The American Association for Long-Term Care Insurance estimates that for a 60-year-old couple in good health, what they deem an optimal LTC policy -- one with a $150 daily benefit at plan inception, three-year benefit period, 90-day elimination, 100% home care benefit, 3% compounded annual inflation protection, and spousal discount -- would be valued at $164,000 for each person, while at age 80, it would be $325,000 for each person. The cost of such a plan? On average ~$3,840/year as of January 2014.
Other LTC Stats
- LTC care of some kind will be needed by 70% of Americans who are aged 65 today, according to the Department of Health and Human Services.
- According to the American Association for Long-Term Care Insurance, premiums have risen 4.8% on average in the past two years. Estimated out-of-pocket health care costs $50,000 if retirement lasts over 10 years, and nearly triples if retirement lasts 20 years, according to the Health Care Cost Institute.
- Despite rising LTC premiums, benefits and cost of living adjustments are being cut –most LTC carriers no longer offer what had once been an industry standard: 5% compound inflation protection. Rather this has fallen to 3% compounded annually, and in some cases has been dropped entirely.
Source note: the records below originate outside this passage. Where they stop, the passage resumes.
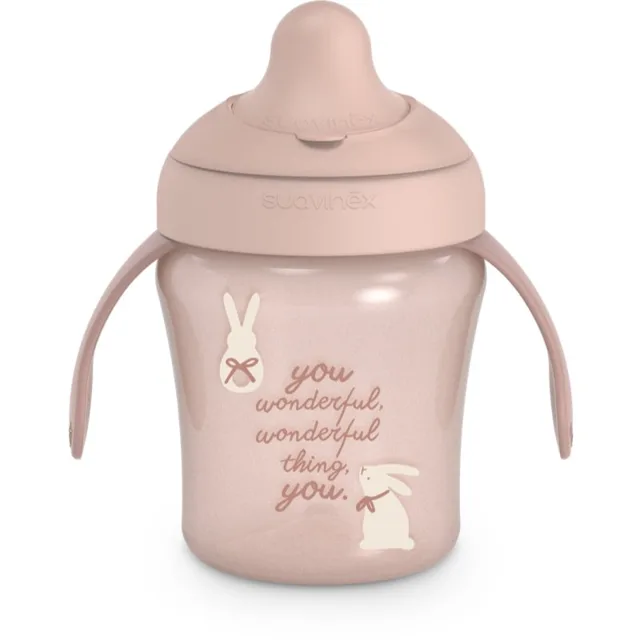 Suavinex Wonderland Learning Cup tréninkový hrnek Pink 200 ml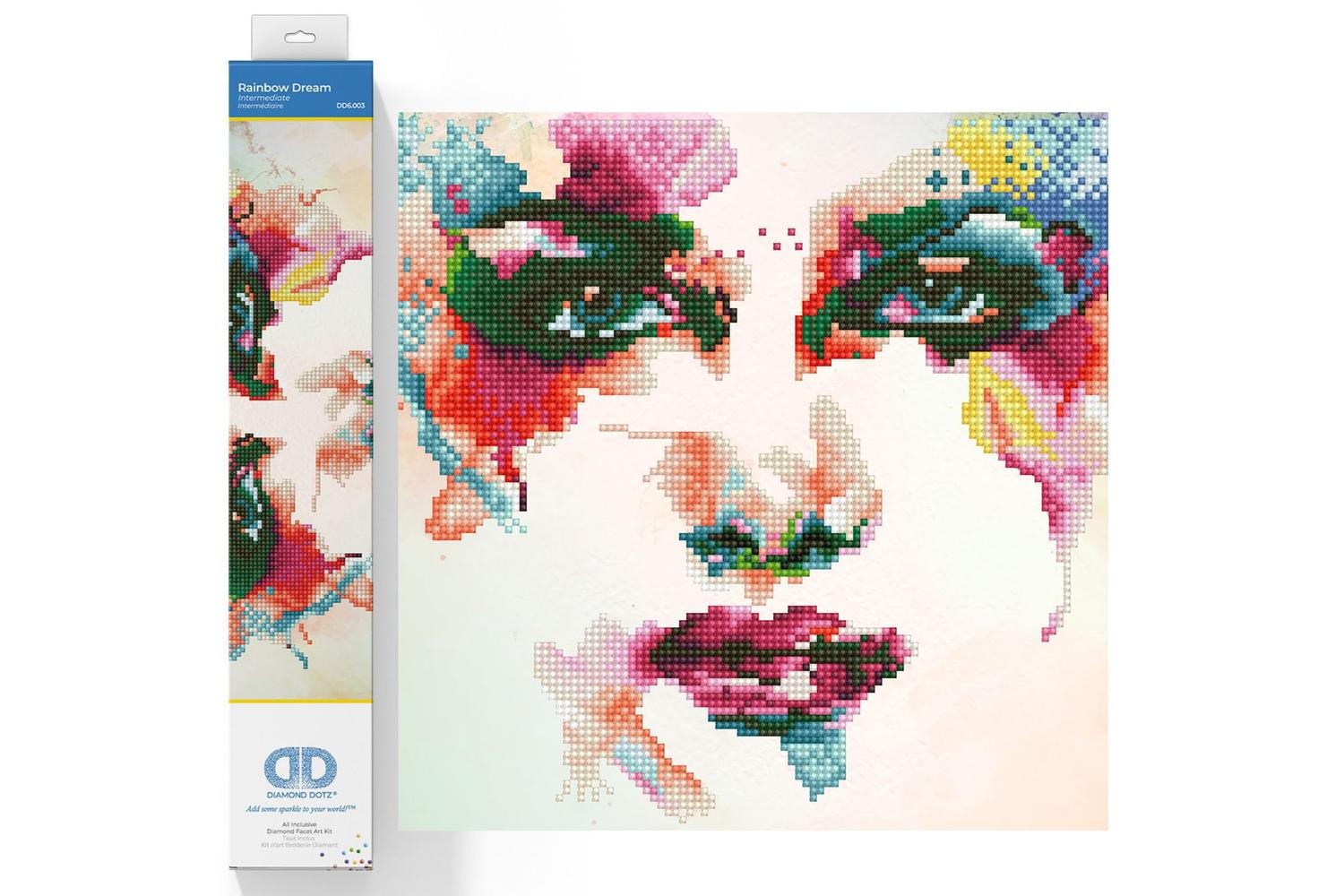 Diamond Dotz Gro-dd6.003 - Rainbow Dream - Diamond Painting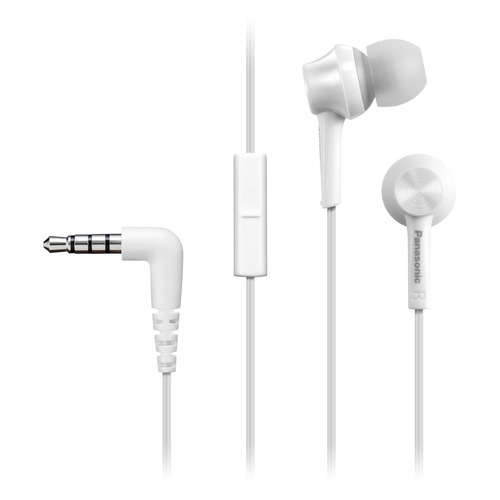 Гарнитура Panasonic RP-TCM115GC, 3.5 мм, вкладыши, белый [rp-tcm115gcw]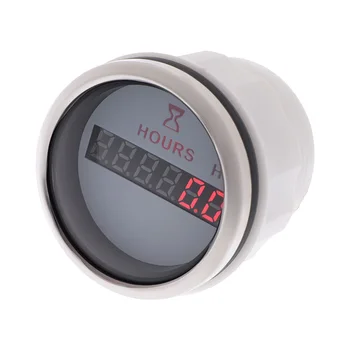 

Car Boat 52mm Digital Hour Meter With Red Backlight ​Time Hours Gauge For Marine Auto Engine Hour Meters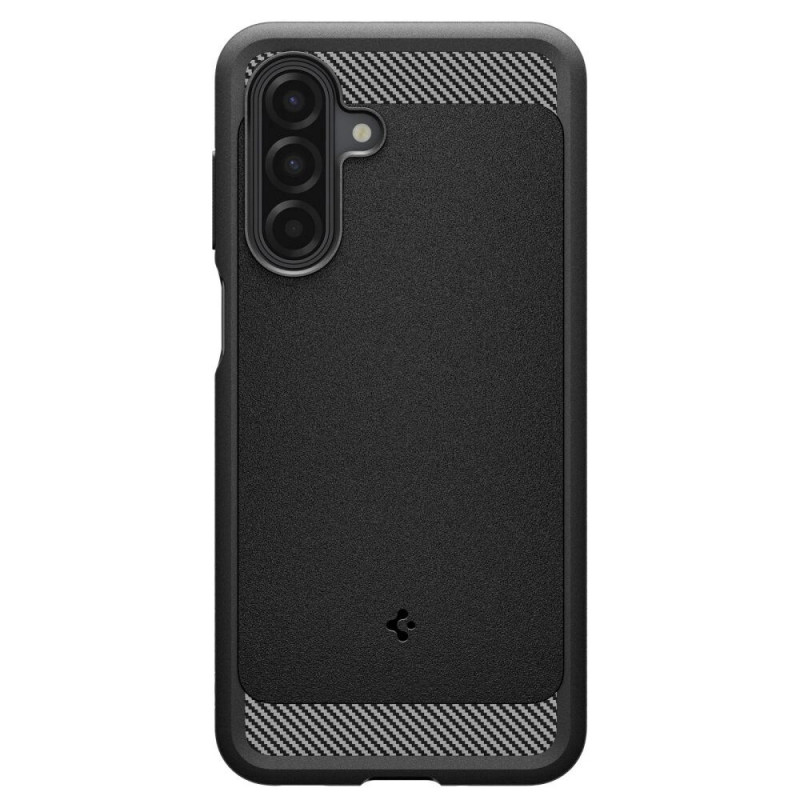 Custodia Spigen Rugged Armor ACS09844 per Samsung Galaxy A17 4G / 5G, nero opaco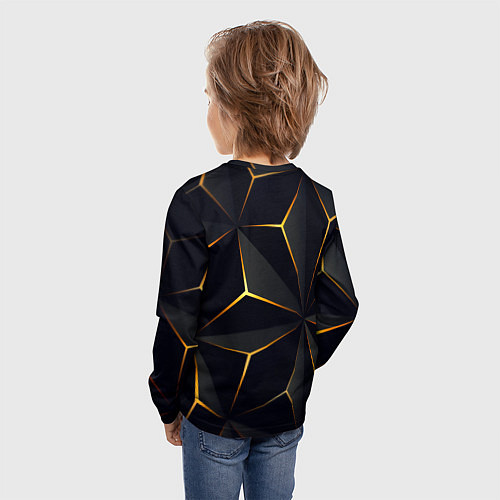 Детский лонгслив Hexagon Line Smart / 3D-принт – фото 4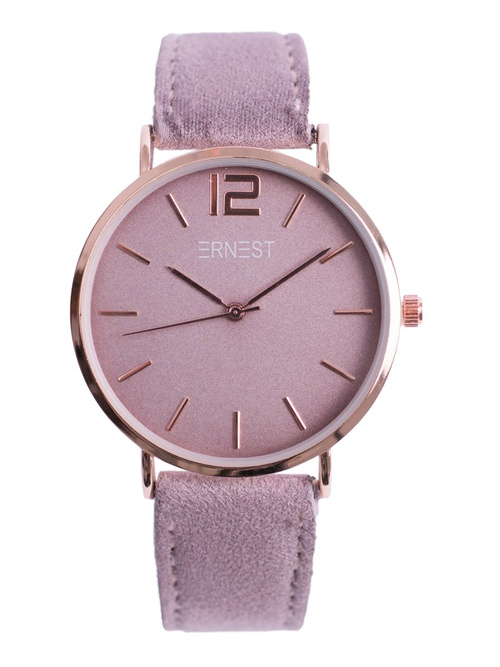 Dámské Hodinky Ernest Manon Suede Purple Gold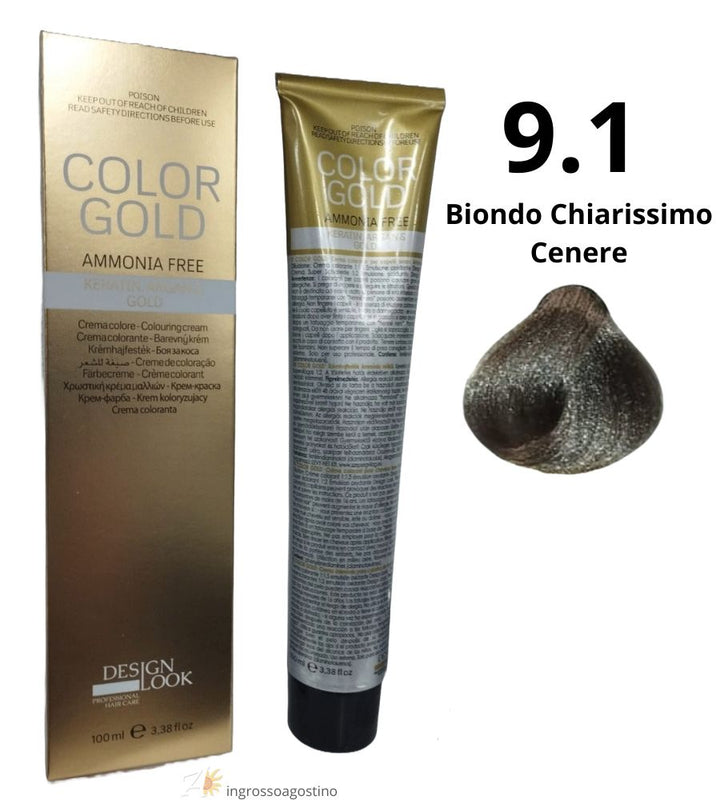 Color Gold Ammonia Free Dye Design Look 100ml
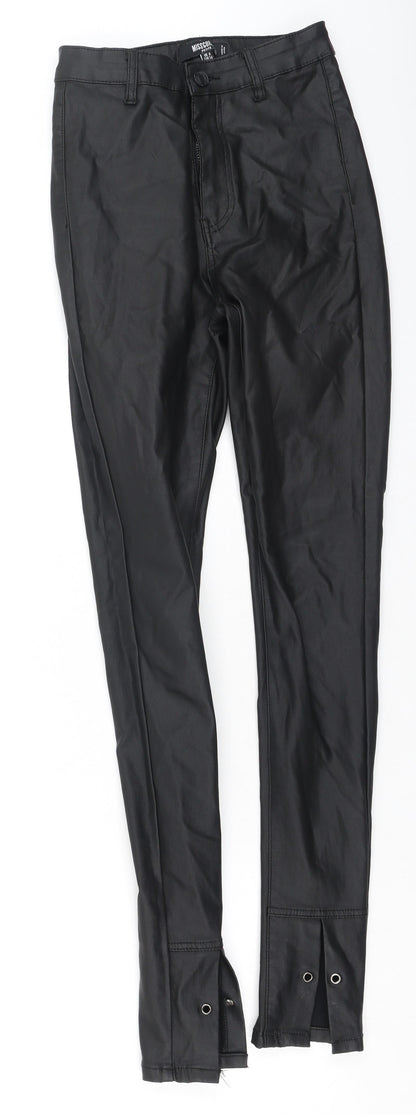 Missguided Womens Black  Cotton Jegging Jeans Size 6 L28 in Regular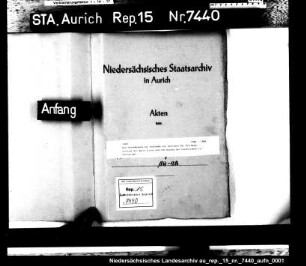 Die Genehmigung zur Aufnahme von Anleihen für den Wegeverband des Amtes Esens und dem Ausbau der Landstraßen in diesem Amt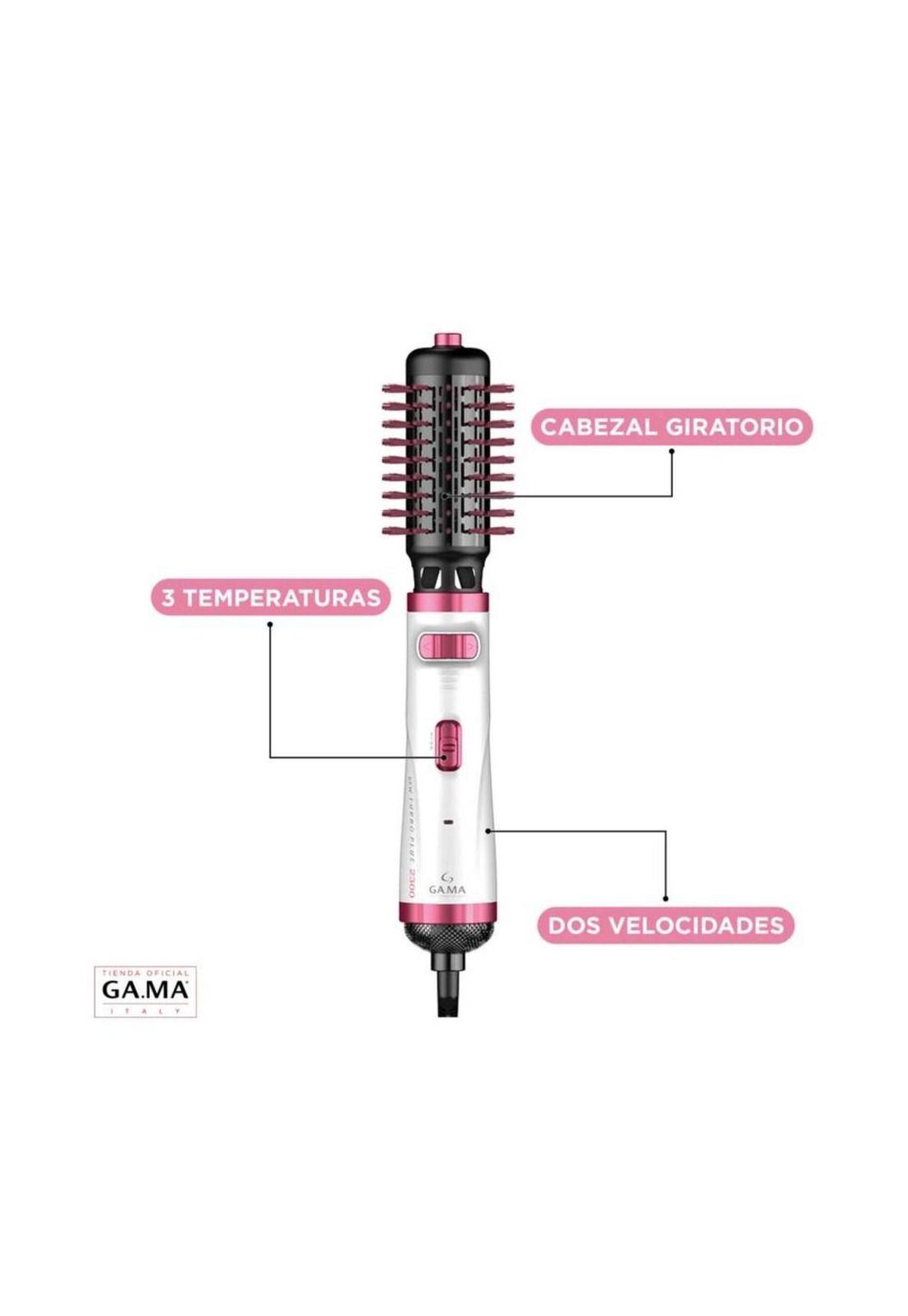 Cepillo Secador Y Voluminizador 3 en 1 New Turbo 2300 Gama-3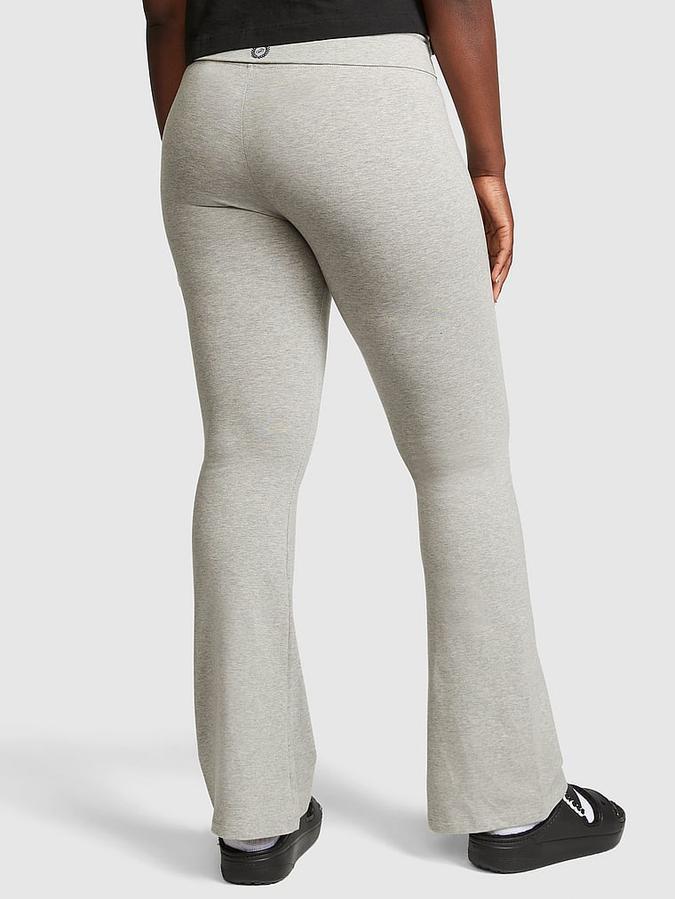 Cotton Foldover Flare Leggings image number 1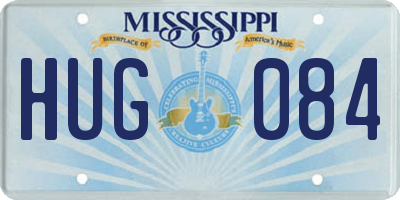 MS license plate HUG084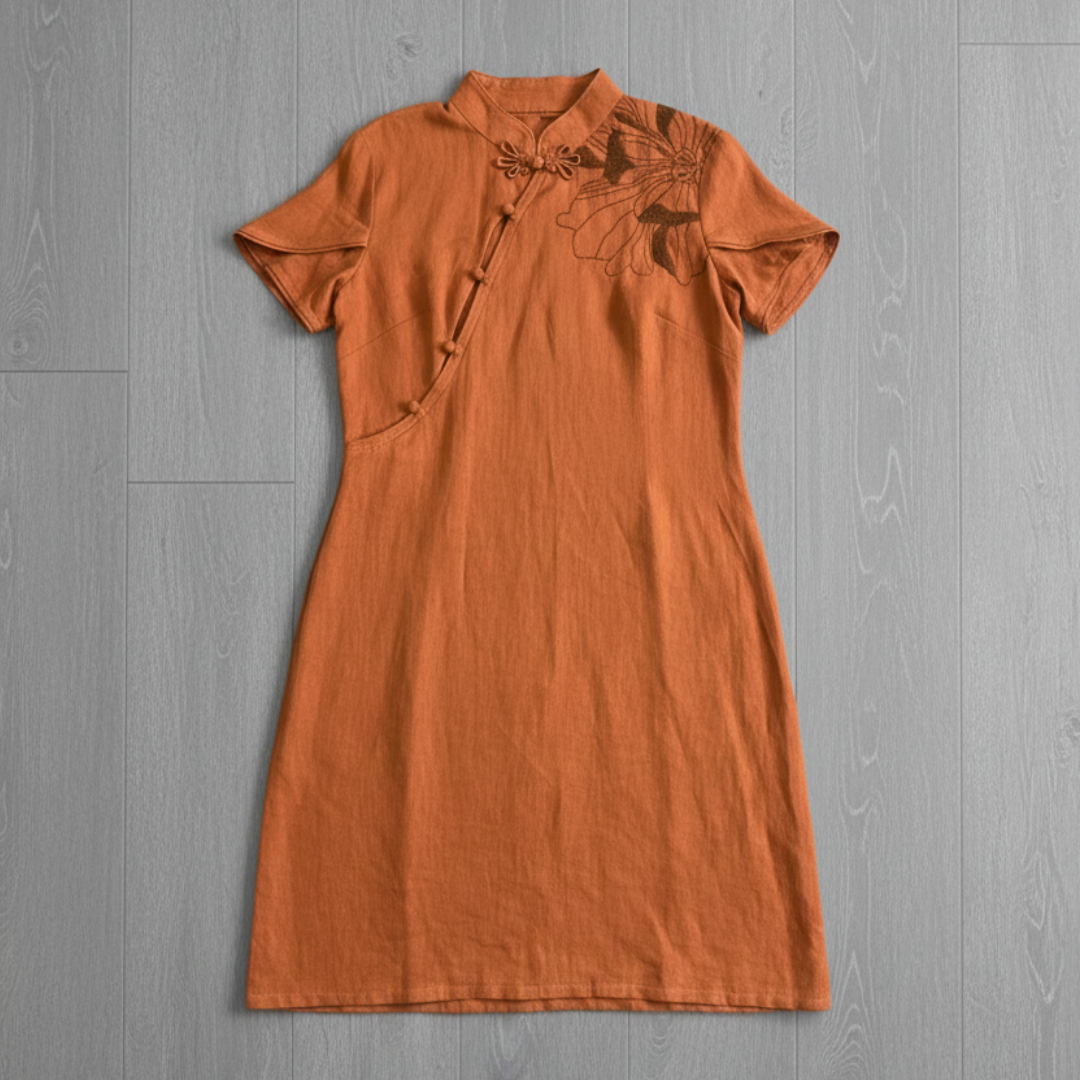 Butterfly Whispers Modern Cheongsam- Woman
- Another common benefit now extinct is the “refund of premium” benefit that allowed heirs to collect premiums the client already made if the insured died before a certain age, minus any benefits already paid against the policy.
- The LTC insurance industry has declined from its heyday in the 1970s. Only Genworth, New York Life, John Hancock and Transamerica Financial remain in the LTC business. Mergers in the LTC industry mean that some clients may find that their premiums are not honored by the insurer that acquired their former provider, and also may see higher rates, according to TIAA-CREF Life.